The filtrates were returned to the original flask and distilled until about 450-500ml had distilled off. The residue was cooled and filtered, the cake was washed with 30ml of distillate and 30ml of fresh rectified spirit. When dried this gave a further 3.696g of crude potassium piperinate. The filtrate smelled strongly fishy so was returned to the flask, 50ml of water added and the distillation continued until a thick tarry residue was all that remained.

All of the filtrates were combined, acidified with 30% hydrochloric acid, about 24ml were required, and distilled in stages in progressively smaller flasks until only a little pale yellow liquid remained. This was poured into a shallow bowl and evaporated with constant manual stirring until it became a dry crumbly yellowish solid. Heating and stirring were continued until when a cold watch glass was place over the bowl not mist of condensation form on the it. This gave another 22.231g of pretty dry piperidine hydrochloride, slightly darker than in the first experiment.

The potassium piperinate from this experiment can't be pure since this would represent almost 100% recovery and I recovered another 1.87g of rather brownish K salt from the gunk left at the end of distillation by leaching it with alcohol until all of the brown tar had dissolved. I am currently trying to purify this material.
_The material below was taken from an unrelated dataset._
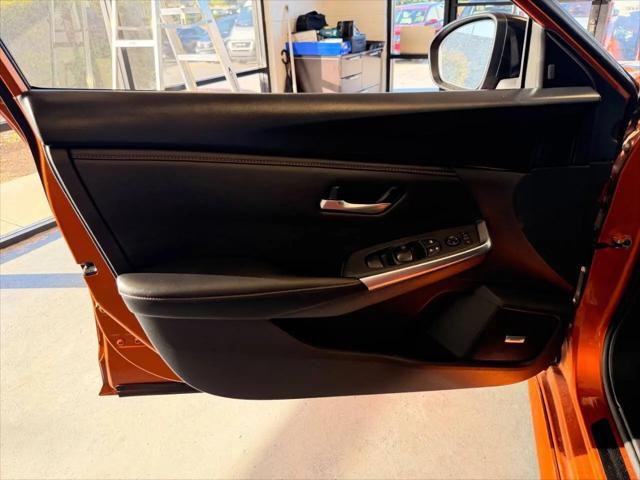 2024 Nissan Sentra SR Xtronic CVT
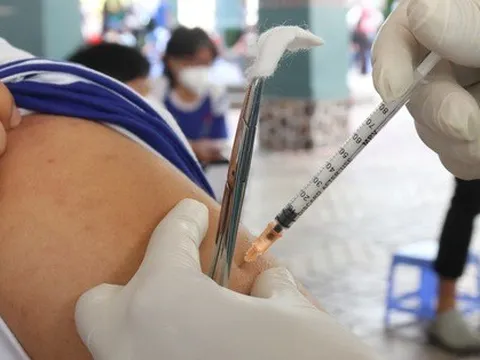 6 loại vắc xin chưa được phân bổ, TP.HCM lo ngại chương trình mở rộng gặp khó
Many thanks for the comments guys.

@AvBaeyer, do you think I could dry mix in a flask the piperidine hydrochloride with say NaOH or KOH pellet by shaking them together and using the heat of the reaction to drive off the anhydrous piperidine or do you think this might get out of hand? Might it be better to add the saturated hydrochloride solution to a large excess of KOH pellets?

My original idea was to use excess calcium hydroxide with perhaps a few coarse lumps of calcium oxide, load the flask quickly and then gently shake, I am pretty sure the reaction would then self perpetuate. The idea here is than the calcium chloride forms lower hydrates that require near red heat to remove the water of hydration so the calcium salt would effectively remove the water and only dry piperidine would distil off. Again I can see that there is no way to control the reaction once started.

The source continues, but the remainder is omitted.